現在、電動車両用や産業機械用または家電用機器のインバータ等の電装部品として、放熱性能と電気絶縁性に優れたセラミックス回路基板が用いられている。このセラミックス回路基板は、前記回路基板に搭載された発熱素子が安定に動作するように前記素子を冷却させ、かつ冷却フィンやベース板と言われる放熱部材から電気的に絶縁させる重要な働きをする部品である。このセラミックス回路基板は、最近では、LED等の発光素子やセンサー等のベース基板としての使用も少しずつではあるが見られるようになった。ただ、中でも今後の大幅な需要が見込まれる、EV、HEV、燃料電池車等の車両用の用途拡大が最も期待されている。それは高電圧かつ大電流動作が可能なIGBTやIPMデバイス、MOS−FET等のパワーエレクトロニクスに代表される半導体用素子の搭載が可能なことによるものである。このような素子を搭載したモジュールに使用されるセラミックス基板としては、前記素子から放出される熱を効率よく逃すために、高熱伝導性かつ高耐絶縁性を示す窒化アルミニウムや窒化ケイ素等が主に用いられ、セラミックス基板の一方の面に電気回路となる金属回路板を接合し、他方の面に放熱用の金属板を接合したセラミックス回路基板として用いられる。この金属板には導電性、放熱性を重視する場合には、これらの特性が良好な銅又はアルミニウムを主成分とした金属板等が一般に使用されている。そしてこのセラミックス基板と金属板との接合は、ろう材による活性金属法や、金属板を圧接等も含めて直接接合する、いわゆるDBAやDBCといった接合法が採用されている。また、電気回路となる金属回路板の上面には、各種素子や外部との電気信号の授受を行うための端子等が搭載される。更に、このセラミックス回路基板は、放熱部材に、はんだ接合等により固定して使用される。この金属回路板および放熱金属板をセラミックス基板に接合したセラミックス回路基板を用いたパワーモジュールにおいては、大電流を流せるように金属回路板の厚さを0.2mm以上としている場合が多く、それに伴い接合後のセラミックス基板全体の反り量を低減させるために、放熱金属板にも略同厚の金属板を接合している場合が一般的である。

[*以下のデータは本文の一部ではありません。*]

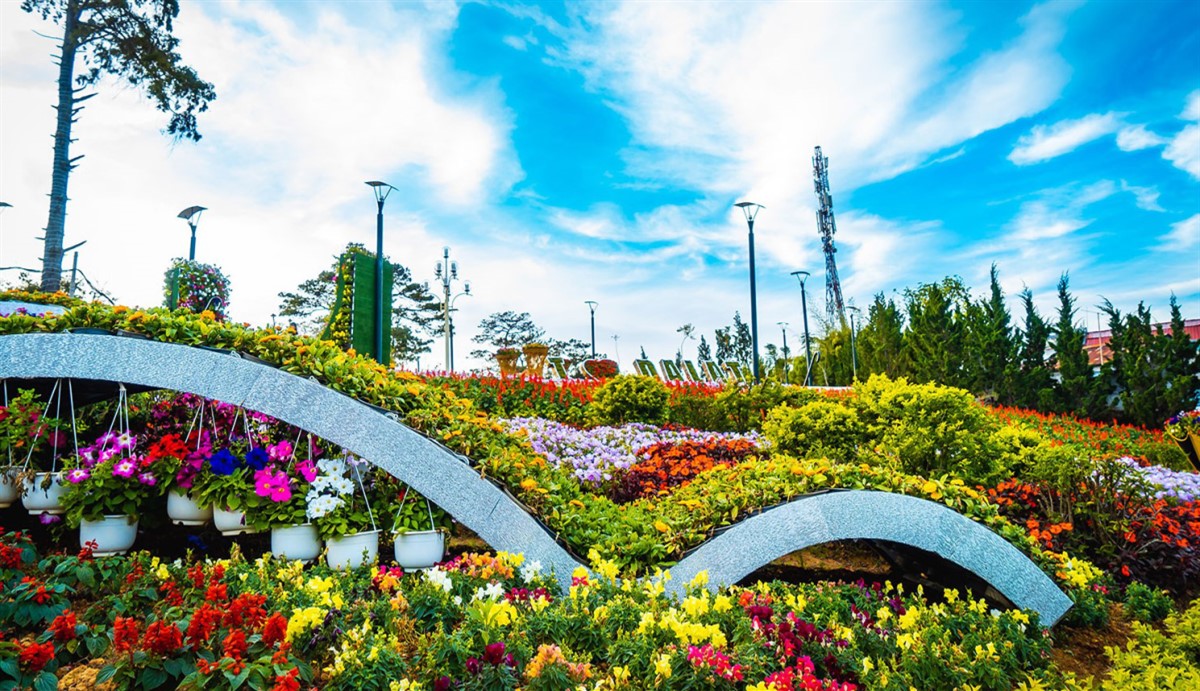 Tham quan Vườn hoa Thành phố Đà Lạt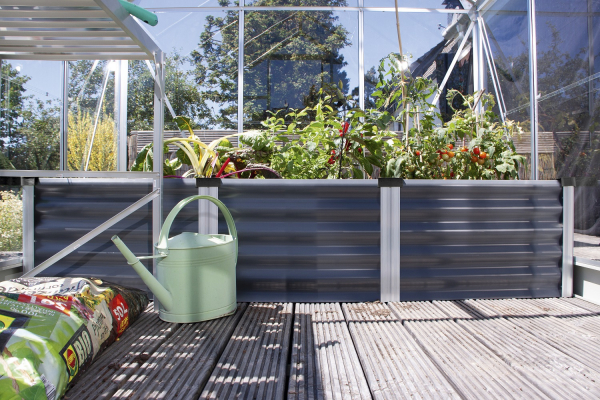 Vitavia Hochbeet Linus IN&OUT 401 S BxLxH 65x185x40cm, Zincalume® granit/alu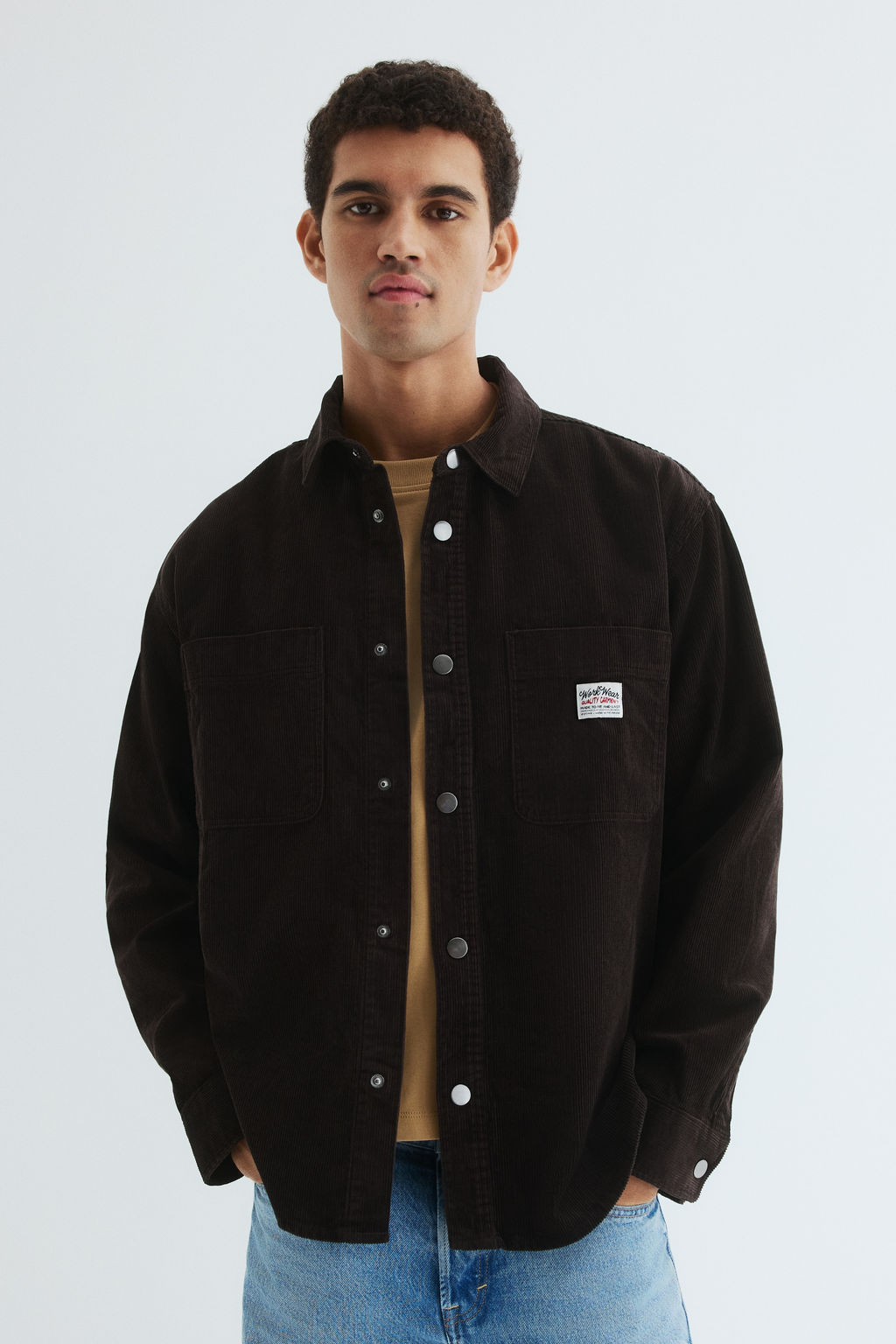 Camisa oversize en pana de algod?n - H&m фото 4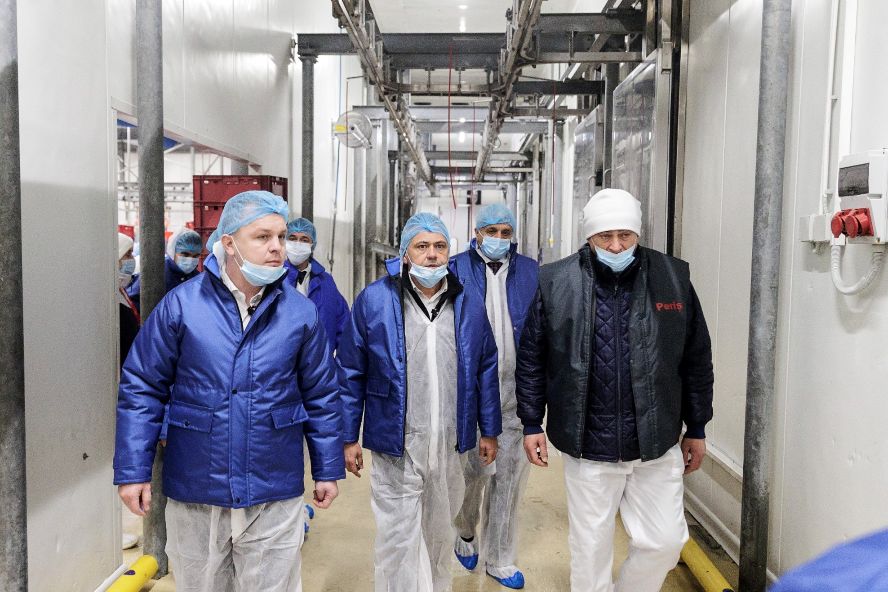 Abatorul Periș a primit vizita ministrului Agriculturii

しかしながら、異なる熱膨張係数を有するセラミックス基板と金属板を接合すると、接合後の冷却過程で熱応力が発生する。この応力は残留応力として、金属板とセラミックス基板との接合部に残存する。その結果、セラミックスと金属板の接合後、またはヒートサイクル試験(冷熱衝撃試験)時において、セラミックス基板に割れやクラックを生じさせ、その結果絶縁耐圧不良を起こし、またある時は金属回路板の剥離の原因となる。更にこのセラミックス基板と金属板との熱膨張係数差は、セラミックス回路基板形成後の反り量にも影響を与え、反り量が大きくなると、前述の残留応力増加のみならず、セラミックス回路基板の放熱性を低下させる原因になる。したがって、モジュールの放熱性能の観点からも放熱部材に接合する時のセラミックス回路基板の反り量が小さいことが望まれる。上述のような性能が要求される背景には、自動車分野においては特に前記モジュール自体を機械自体に実装させ機電一体化による軽量化の流れがあるためである。このような場合には、モジュールはより厳しい熱環境下に曝されることになる。

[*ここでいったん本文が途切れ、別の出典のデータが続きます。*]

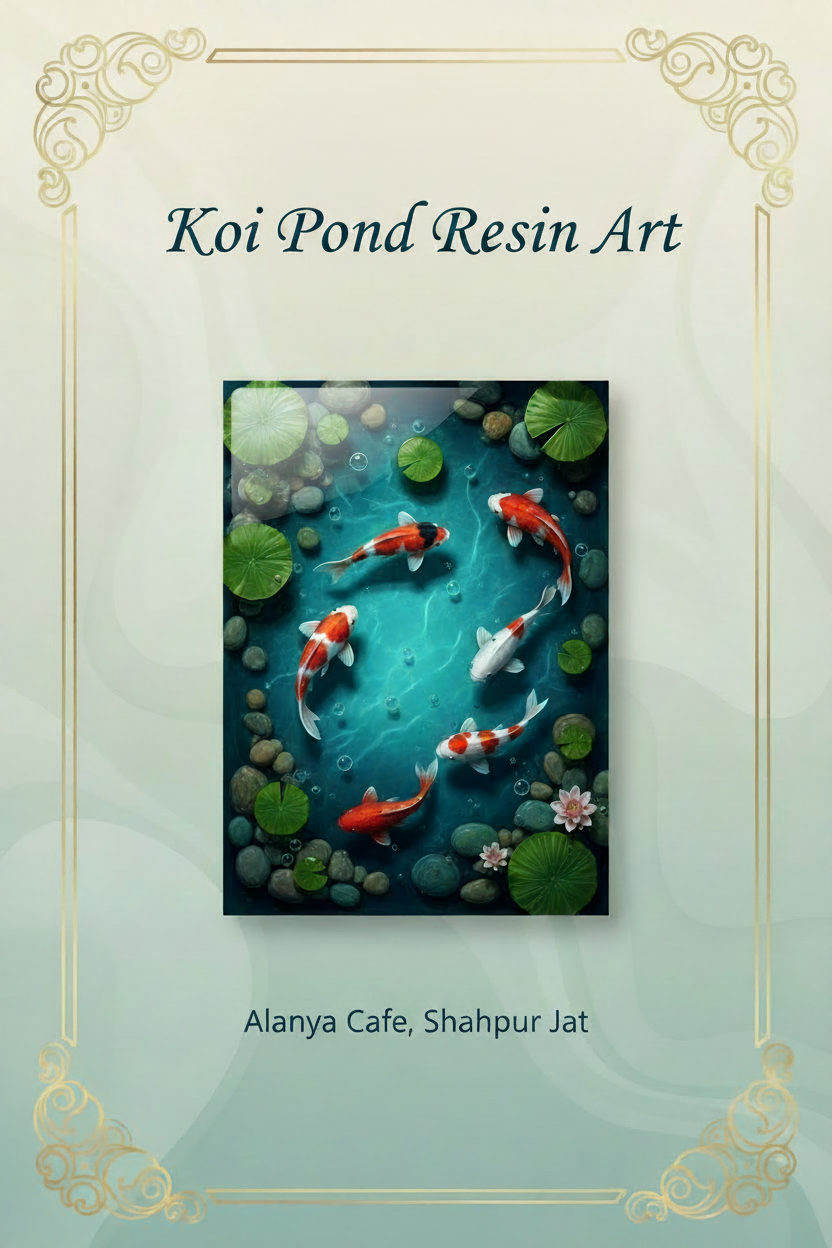 Resin Art - Koi Pond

次にセラミックス回路基板と、ベース板や放熱フィン等といった冷却用の放熱部材との接合には、現在主に、はんだ付けによる接合手段が用いられてきている。ところが、このはんだ接合ではヒートサイクル試験時に、はんだ部に剥離、クラックが生じ易く、モジュール自体の信頼性に課題を残すことが指摘されている。そこで、はんだ接合部の信頼性を改善するために、セラミックス回路基板と放熱部材との接合構造において、セラミックス回路基板に貫通孔を設け、締結用ネジ等を用いて固定する方法や、金属枠等によりセラミックス回路基板の外周を押さえ込んで固定する方法も現れている。また、比較的小型のセラミックス回路基板の固定では、信頼性のある高熱伝導性の接着剤等を使用して放熱部材に接合する方法も適用されてきている。ただし、接着剤を用いて大きな回路基板を接合する際の信頼性はまだ低く、比較的小さい回路基板の接合にのみ用いられようとしているに過ぎない。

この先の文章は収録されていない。